The energy intensity of most business sectors have been improving. A further 22% or 0.58 MJ/$ of the improvement in Canada’s overall energy intensity resulted from changes – almost all reductions – in the individual energy intensities (E/value added) of the six aggregate sectors of the business economy (Figure 4).

For the six business economy sectors, energy consumption grew slower than value added for all but one sector – the oil and gas industry (Figure 6).  Although this industry makes up a relatively modest share of Canada’s GDP (barely 10% for the entire energy sector, including electricity generation and transmission, oil and gas production, refineries, pipelines, and gasoline stations), its energy intensity rose dramatically during the 1995-2010 period as production shifted from conventional oil to energy-intensive SAGD (steam assisted gravity drainage) extraction of bitumen from oil sands. 

Figure 6. Disaggregation of sectoral energy intensity contributions in the business (red bars) and household (blue bars) sectors to the total change in energy intensity of the Canadian economy, 1995–2010.

Offsetting the impact of this trend in the oil and gas sector were the effects of declines in the energy intensities of the other aggregate sectors of the business economy, particularly the service sector (Figure 6).
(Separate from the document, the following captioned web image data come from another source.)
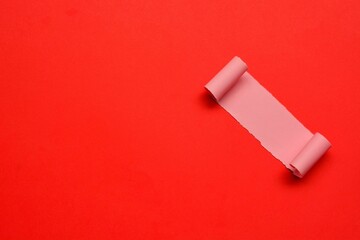 Torn paper with red paper background. Valentine's Day concept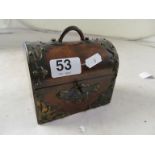 A small walnut and brass dome top box containing two glass bottles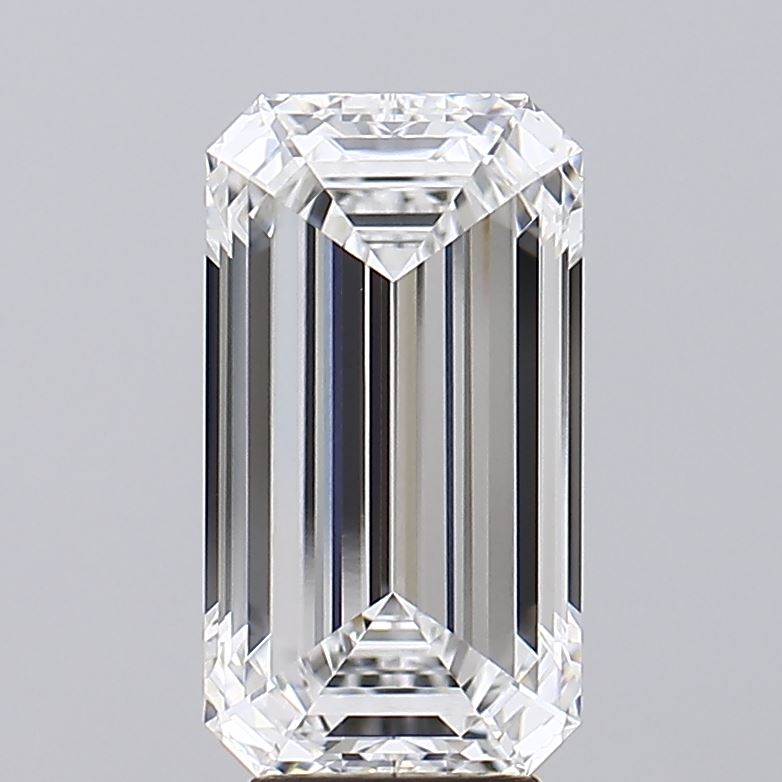 4.35 A sparkling, rectangular-cut diamond with multiple facets reflecting light, showcasing its clarity and brilliance against a neutral background.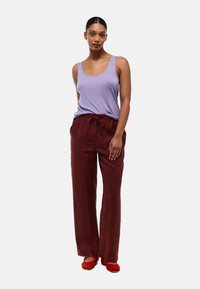 Débardeur violet clair associé à un pantalon bordeaux ample avec cordon de serrage, et ballerines rouges. Tissu doux avec une coupe décontractée.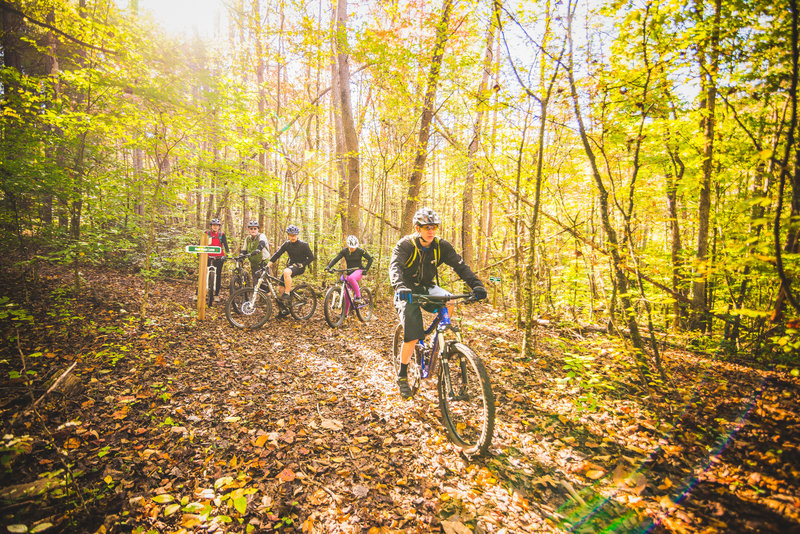 Riders meet at trail intersection Ridge Access Trail and Golden Shores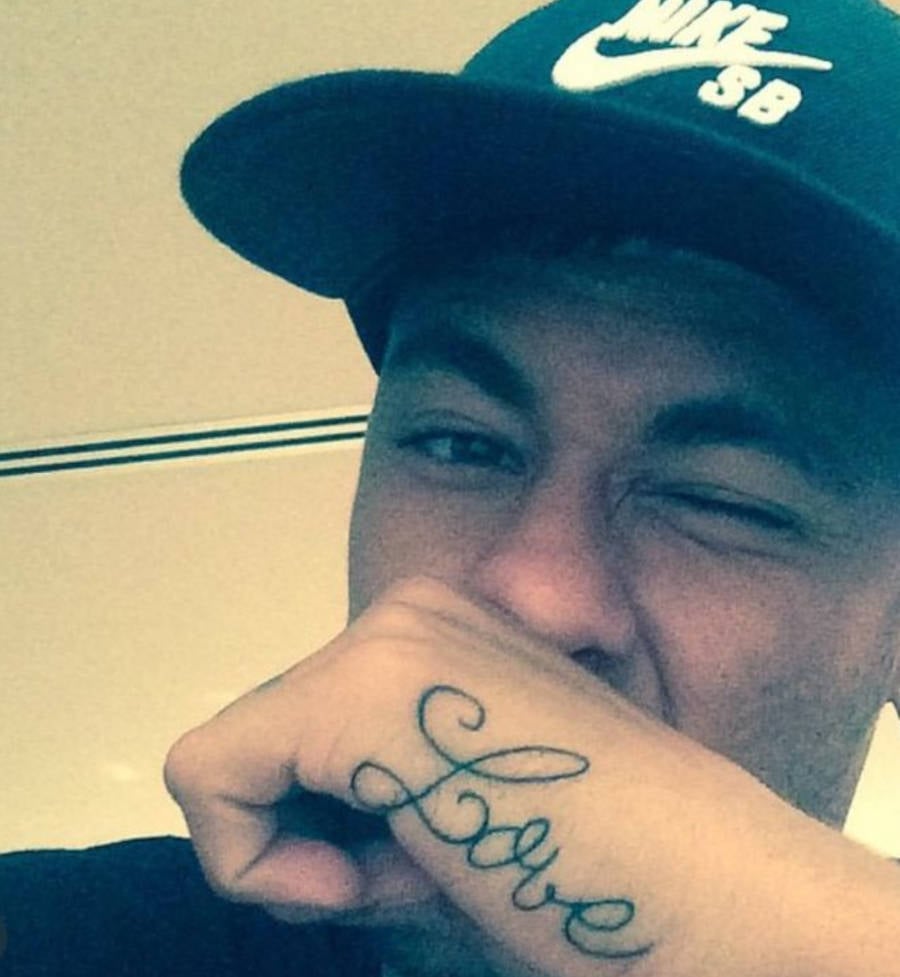 Foto de Neymar mais novo com a mão na boca e sua tatuagem "love" à mostra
The service sector comprises over two-thirds of Canada’s GDP, so even a relatively modest improvement in its energy requirements per dollar of value added translates to a significant impact on the overall energy intensity of the Canadian economy.  There were additional intensity declines in power production, general manufacturing and primary processing industries, and a relatively small decline in freight transportation. 

Still, the net contribution of intensity declines in the business economy to the overall decline and improvement in E/GDP in Canada – at 22% – was less than half the contribution – at 48% – from the impact of inter-sectoral structural change in the economy.

The net changes in the energy intensity of the household economy have been small.  The net impact on Canada’s overall E/GDP of changes in per capita energy use in the household sector was smaller still, at 6.3% or 0.17 MJ/$ – less than one-third of the net impact of intensity changes in the business economy sectors.  Most of this decline in the household sector was associated with an improvement in the energy intensity of residences as opposed to personal transportation. Indeed, a small increase in the per capita energy use of personal transportation partly offset the larger negative impact from a decline in per capita energy use for residences.

Implications of these findings

To our knowledge, our report is the first study of its kind to deconstruct an observed trend in the total Energy/GDP ratio of an economy, including separate and additive decompositions of the energy intensity of a GDP-producing business sector and the residential and personal transportation energy of the household sector.  Our results show that in Canada between 1995 and 2010, 71% of the decline in the total E/GDP ratio was attributed to structural factors, while the remaining 29% was assigned to a net improvement in the sector-specific energy intensities of the business economy and the per capital energy intensity in the household economy.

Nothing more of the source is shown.